Indeed, Lewis’s anthem, though written in a twentieth-century idiom, has elements that evoke, whether consciously or not, the musical austerity preferred by radical elements in the sixteenth-century Church of England.  For example, of the anthem’s seventy-six measures, the choir never sings a melisma (assigning more than one note of music per syllable of text) until bar 60 (an observation to which I return below).  This would have pleased the sixteenth century’s puritanical elements and would have met Queen Elizabeth I’s 1558 injunction that church music be “modest [and] plainly understood, as if it were read without singing.”

But whether Lewis consciously echoed some of the Tudor era’s musical characteristics, his anthem also reflects support of the Anglican choral heritage’s ongoing development, which had been one of Mathias’s contributions as well.  For example, neither sixteenth-century puritanical currents nor much of the repertoire of the Anglican choral heritage supports the practice of frequent text repetitions.  But that is one of the characteristics of Lewis’s anthem.  These text repetitions are not gratuitous, however, and therefore suggest that, if handled properly, this could be a legitimate development of the heritage.

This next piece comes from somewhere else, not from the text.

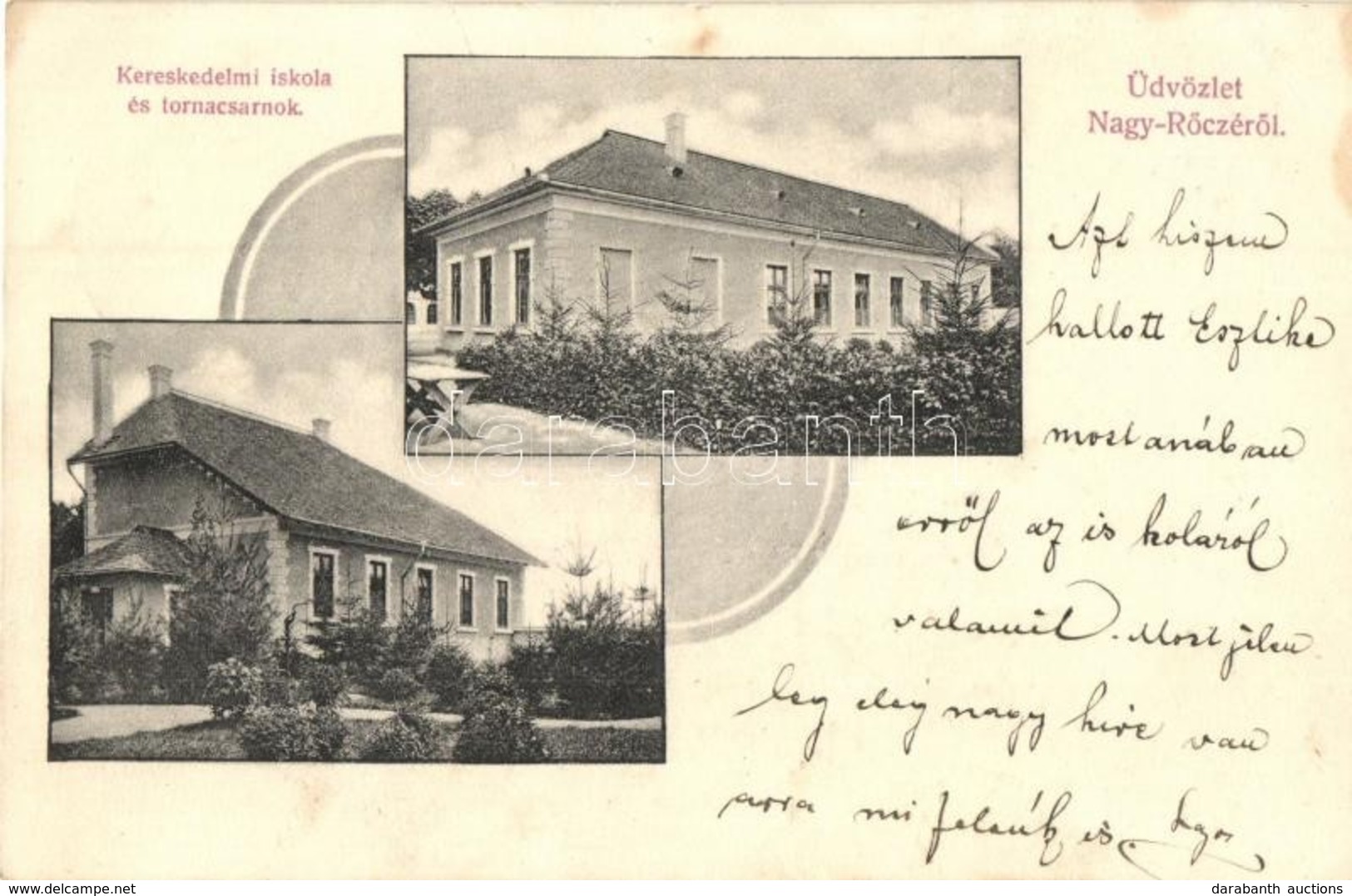 T2/T3 1907 Nagyrőce, Gross-Rauschenbach, Velká Revúca; Kereskedelmi Iskola és Tornacsarnok. Lévai Izsó Kiadása / School  - Sin Clasificación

Lewis’s text repetitions support a theological message, which is that the passage from earthly life to life eternal is, for the souls of the righteousness, yes, a transformation (I Corinthians 15:52 “In the twinkling of an eye … we shall be changed”) but also a development.  The souls of the righteous seem to perish, but even while in this earthly existence, elements of God’s true peace and righteousness are already present and at work in and through their lives.  What follows is a reflection on the manner in which Lewis’s musical setting of the text brings out this theological message.

(The intended audience for the essays in this series is all non-musicians.  With that in mind, I recommend reading the following observations [and listening to the linked recording] as those with musical training would generally do, which is to say in sections rather than in one sitting.)

The anthem is constructed on two primary motives.  The first motive is played entirely by the organ in the first part of the anthem.  It is made up of two one-measure phrases, each of which repeats the same rhythmic idea and remains within the same restrained melodic range.  Following these phrases is a two-measure phrase (bar 3, at 0:10 in the recording referenced above) that ends on the dominant.  (This is what music theorists would call a musical sentence.)

Carolyn Pirtle interprets the first two measures as evocative “of the shortened inhalations and exhalations of a person in the final hours of life.”[iii]  Pirtle hears the last two measures of the musical sentence as a “breathing forth of one’s spirit in the soaring extended phrase.”[iv]  If she means the final breathing forth of one’s spirit, though, some listeners might hear the passage differently since this soaring phrase is brought back to earth again and again by repetitions of the opening measures with their restrained melodic scope.  But Pirtle’s perception of elements of hope in the last two measures of the first motive is surely in line with Lewis’s intention.  In spite of the first motive’s sense of labored breathing—or at least the idea of a calm but plodding, earthbound march through a final illness—there is a hint of something beyond our earthly home in the fact that the latter half of the anthem’s first motive, while maintaining the same slow movement, nonetheless breaks free in a few places in leaps and skips and with a higher melodic arch than in the previous measures.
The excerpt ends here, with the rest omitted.